- DATASET SECTION -
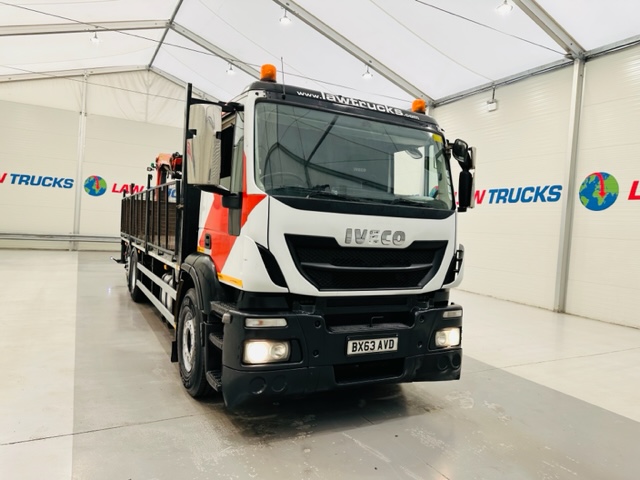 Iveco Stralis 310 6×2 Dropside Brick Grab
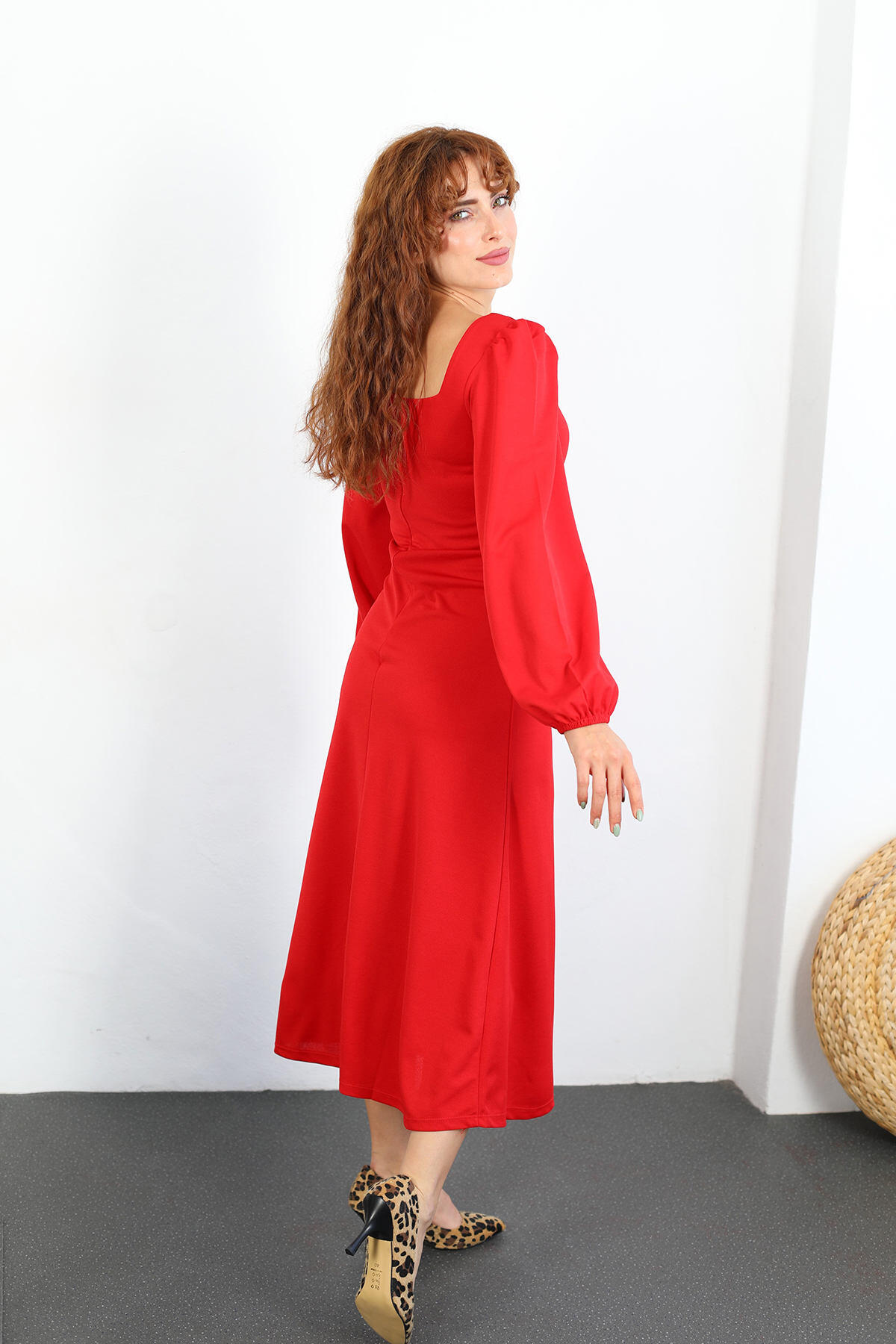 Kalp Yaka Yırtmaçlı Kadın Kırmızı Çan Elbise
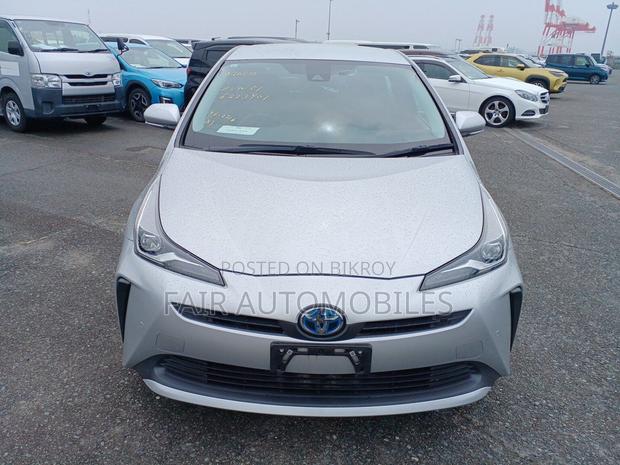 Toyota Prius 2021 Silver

- TASK STATEMENT -
Leaving the pictures aside, copy exactly and only the lines from the one holding "Kalp Yaka Yırtmaçlı Kadın Kırmızı Çan Elbise" through the final line of the data, both ends kept.

- RESULT BELOW -
 Kalp Yaka Yırtmaçlı Kadın Kırmızı Çan Elbise
 Toyota Prius 2021 Silver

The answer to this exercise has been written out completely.